— Да он, никак, стоит.
— Где? где?
— Вон, вон направо-то.
— Да где направо?
— А вот прямо-то изволите видеть желтые тветы, так за тветами-то в кусте белеет. Это, знать, он; ишь как хвост-то уставил!
Не слишком доверяя стойкости Полкана, бегу, задыхаясь, по указанному направлению. Серый дупель, выпорхнув из-под собаки, параболой приподымается на воздух. Он летит так плавно, что не только длинный нос его, но и черные блестящие глаза совершенно видны. Паф! паф! Дупель продолжает параболу, начиная спускаться к земле.
— А правая-то нога повисла, — кричит Алешка. — Ишь как болтается!
Еще дупель, и еще; а вот молодая утка, по неопытности, выплыла на чистое место. Паф! «Apporte[27], Полкан!» И ее давай сюда. Но солнце начинает припекать. Жирный Полкан высунул язык, комары кусаются; скоро девятый час — пора домой. Матушка, верно, ожидает с чаем.
— Вот и жаркое, maman.
— Благодарю, дружок, да поцелуй же свою мамашу. Боже, как ты загорел! Послушайся моего совета: умойся на ночь сывороткой или отваром из петрушки.
— Не надо, maman; пожалуйста, оставьте.
— Ну, так я пришлю тебе самохотовского огуречного молока.
— Не надо ничего.
— Да ты страшен! Я видеть тебя не могу, — говорит матушка, подводя к своим губам мою пылающую голову. — Как ты с таким красным носом поедешь в Мизинцево!

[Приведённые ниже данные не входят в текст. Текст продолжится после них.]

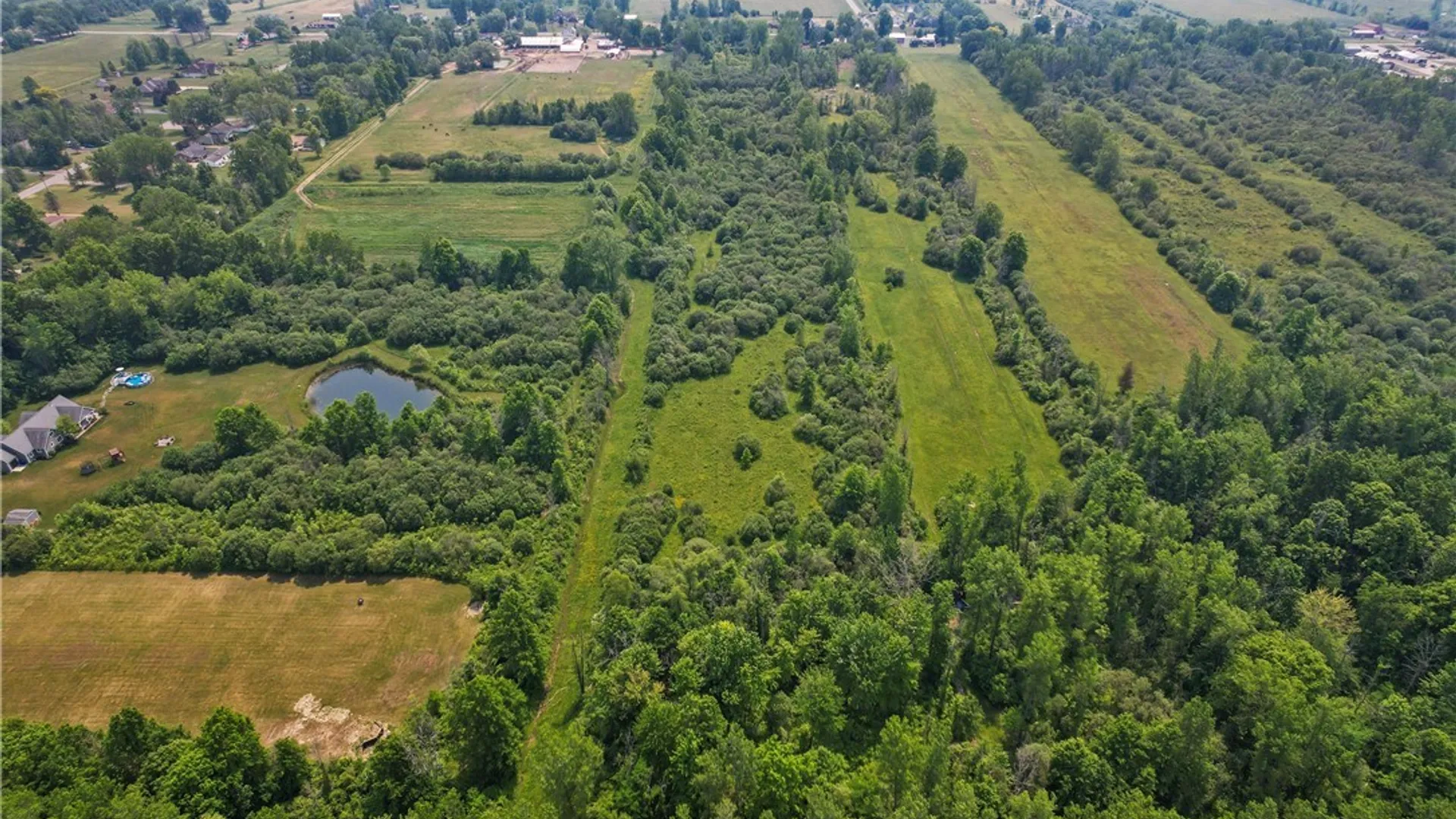 Property at 8660 Wolcott Road, Clarence, NY 14032 5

— Очень просто: я ни с красным, ни с белым не поеду.
— А что скажет отец, когда приедет? Он скажет, что с людьми нельзя так жить, что есть на свете небольшой зверок — пристойность, который, за неуважение к себе, больно кусается. Одним словом, и тебе и мне достанется.
— Мамаша, право, мне не зачем туда ехать и гораздо веселей с вами.

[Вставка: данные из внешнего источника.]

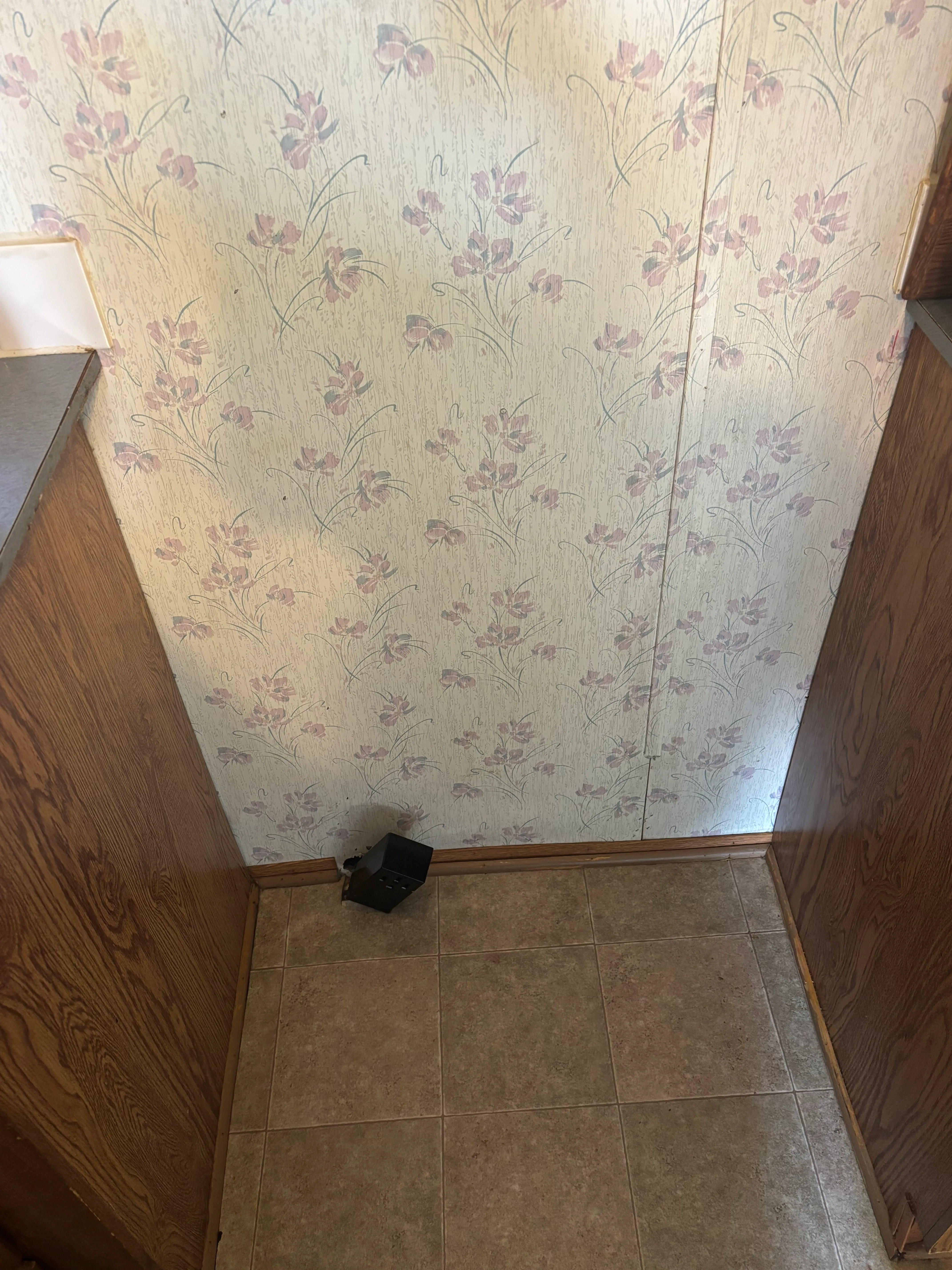 After: Behind oven cleanup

— О, ты преизбалованный мальчик!
— Maman! а что я вам говорил?
— Виновата, друг мой, виновата! Я знаю, ты уже не мальчик, но в глазах матери дети — всегда дети.
Результатом всего этого было, что я ездил верхом, стрелял дупелей, а в Мизинцево не поехал.
VI
И то и се
Еще минул год. Опять весна. Опять чудные майские ночи…
Есть речи, — значенье
Темно иль ничтожно,
Но им без волненья
Внимать невозможно.
Таковы для меня звуки: «майская ночь». Сколько тысяч раз соловьи, поэты и прозаики воспевали ее! Сколько вариаций на эту вечную тему! Но что значит все это? Майская ночь опьяняет человека, вынуждает его зарыдать на ее благоуханной груди — где же тут описывать? Это последняя ночь над тетрадями. Завтра окончательный экзамен. Какое счастие! Завтра свет растворит передо мной настежь свои двери. Иди, куда хочешь. И вот на другой день последний экзамен кончен. Я видел, как профессор приставил против моей фамилии полный балл. Кончено! Университет для меня более не существует… Но где же радость, о которой я мечтал годы? Ее нет! На душе нисколько не радостно, даже глубоко грустно…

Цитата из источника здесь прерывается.